PROBLEM REQUIREMENTS:
Please print, exactly as written, the line containing "Veterinários tentam salvar" and each line after it through the end of the material; pictures stay out.

--- SUPPLIED MATERIAL ---

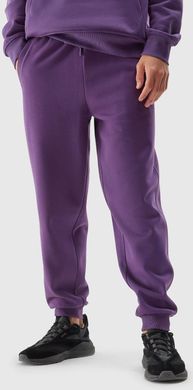 Штаны 4F MANHATTAN утепленные фиолет, мужские XL(р)
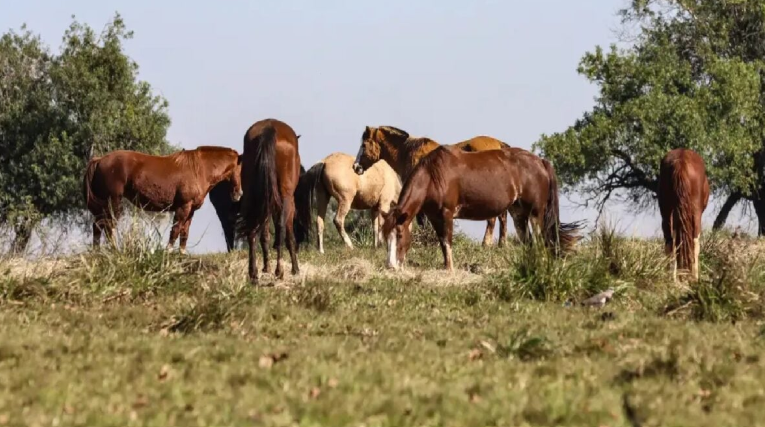 Veterinários tentam salvar cavalos intoxicados em haras de Goiânia após suspeita de feno contaminado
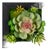 Hanging Succulent Box Wall Decor (Set of 6) For Sale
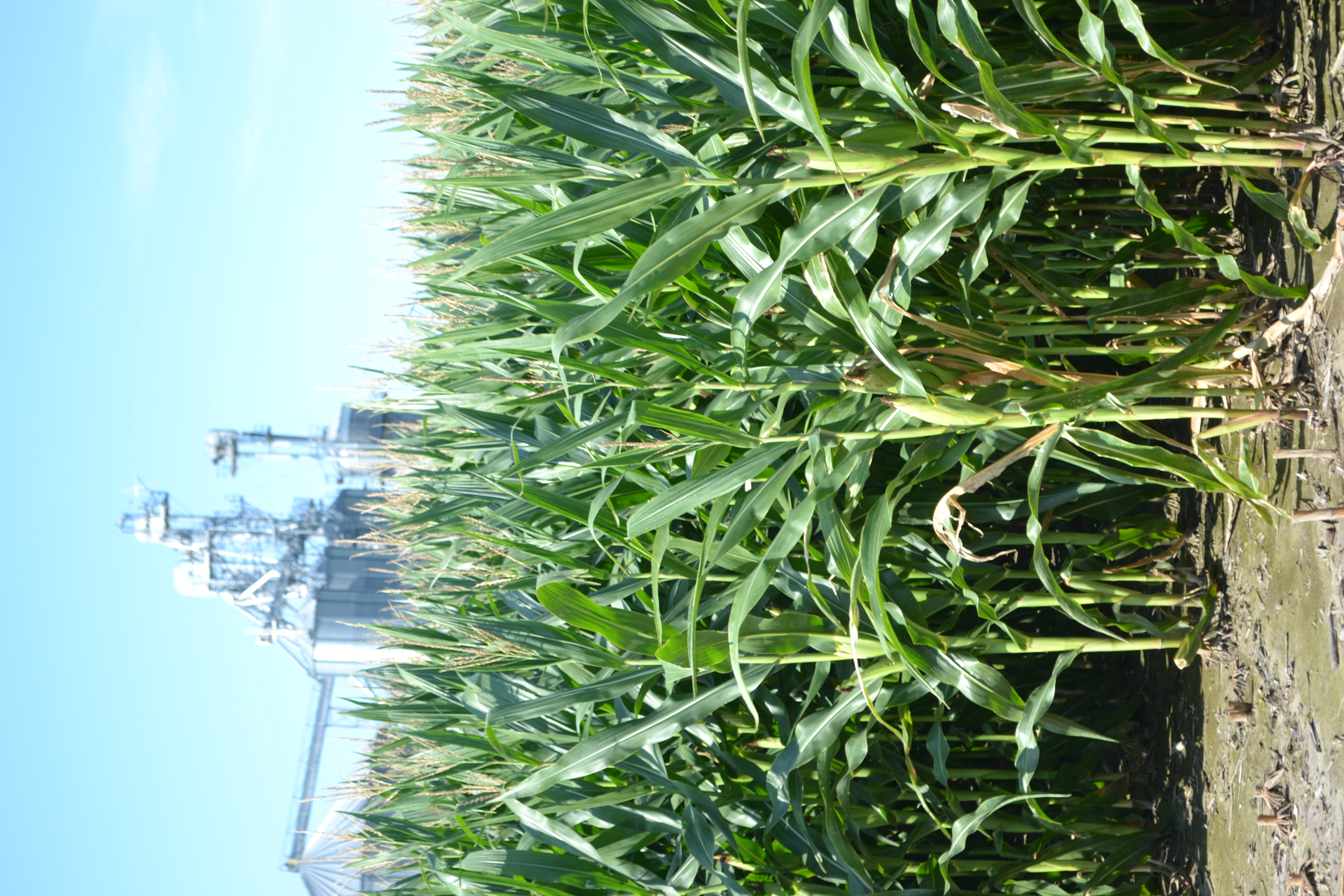 Corn Field with Grain Bin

---

YOUR RESPONSE:
 Veterinários tentam salvar cavalos intoxicados em haras de Goiânia após suspeita de feno contaminado
 Hanging Succulent Box Wall Decor (Set of 6) For Sale
 Corn Field with Grain Bin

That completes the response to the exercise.